Additional components of the system include 12 FUJITSU Server PRIMERGY RX200 S8 servers used as a login environment for 450 ICRR researchers, a FUJITSU Storage ETERNUS NR1000 F3220 storage system with 22 TB for networked storage, 15 x86 servers that provide e-mail, web, and other network services, a storage unit, and additional network switches.

Future Prospects

The new system will be used in ICRR's projects both in and outside of Japan, and will help illuminate the mechanisms underlying ultra-high energy phenomena such as where and how high-energy cosmic rays originate and accelerate, through deeper, broader studies of the cosmos. Furthermore, inquiries into the properties of neutrinos and into dark matter particles will lead to even further advances in the study of cosmic rays and particle physics. The world's first gravitational wave detections promise to reveal new aspects of the universe, bringing us closer to testing the theory of general relativity, and to probe the beginning of the universe.

Composition of the New System

ICRR will be the primary user of the new system for multiple research projects.

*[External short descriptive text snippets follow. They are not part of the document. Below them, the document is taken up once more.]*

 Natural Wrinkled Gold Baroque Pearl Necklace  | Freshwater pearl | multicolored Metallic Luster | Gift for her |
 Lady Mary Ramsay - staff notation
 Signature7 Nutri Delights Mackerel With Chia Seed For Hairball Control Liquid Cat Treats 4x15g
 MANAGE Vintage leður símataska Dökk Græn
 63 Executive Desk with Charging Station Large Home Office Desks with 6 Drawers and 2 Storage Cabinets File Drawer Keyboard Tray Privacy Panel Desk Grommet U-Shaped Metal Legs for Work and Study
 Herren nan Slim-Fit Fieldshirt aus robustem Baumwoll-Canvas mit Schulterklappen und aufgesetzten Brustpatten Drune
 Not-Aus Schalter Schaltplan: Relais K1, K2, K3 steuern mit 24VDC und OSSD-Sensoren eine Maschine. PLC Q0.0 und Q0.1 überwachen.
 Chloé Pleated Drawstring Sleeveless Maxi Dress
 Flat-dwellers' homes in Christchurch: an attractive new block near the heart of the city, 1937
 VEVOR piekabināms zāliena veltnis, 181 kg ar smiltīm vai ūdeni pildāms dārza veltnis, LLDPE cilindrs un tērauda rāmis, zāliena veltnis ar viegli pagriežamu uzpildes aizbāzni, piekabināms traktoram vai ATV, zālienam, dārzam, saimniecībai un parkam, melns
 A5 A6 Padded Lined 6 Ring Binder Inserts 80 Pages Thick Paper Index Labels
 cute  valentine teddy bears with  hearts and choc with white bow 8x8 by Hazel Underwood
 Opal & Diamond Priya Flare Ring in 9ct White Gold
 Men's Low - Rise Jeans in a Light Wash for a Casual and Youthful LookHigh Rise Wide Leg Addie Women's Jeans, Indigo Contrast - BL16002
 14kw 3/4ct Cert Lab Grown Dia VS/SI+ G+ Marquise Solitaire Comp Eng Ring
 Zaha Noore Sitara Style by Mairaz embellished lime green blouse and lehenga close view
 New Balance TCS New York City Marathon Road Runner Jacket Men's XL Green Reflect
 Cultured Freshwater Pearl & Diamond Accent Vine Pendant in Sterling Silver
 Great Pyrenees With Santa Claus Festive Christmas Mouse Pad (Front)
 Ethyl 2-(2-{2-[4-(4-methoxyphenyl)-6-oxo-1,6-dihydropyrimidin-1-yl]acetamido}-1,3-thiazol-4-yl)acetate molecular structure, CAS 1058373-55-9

Comment from Kimihiro Okumura, Associate Professor, ICRR, University of Tokyo

"At ICRR, we expect to begin many new research projects. Accordingly, it is anticipated that there will be a significant increase in observational data. To handle the storage and high-speed processing of this data, we needed to upgrade the performance of our computer system. In particular, our goal was to dramatically increase the speed of data transmission, and for a high-performance, highly reliable storage system that meets these requirements, we employed the Fujitsu FEFS file system. We expect the research groups using the computer system to announce many new observational results in the future that generate new insights into hitherto unknown phenomena relating to the universe and cosmic ray particles."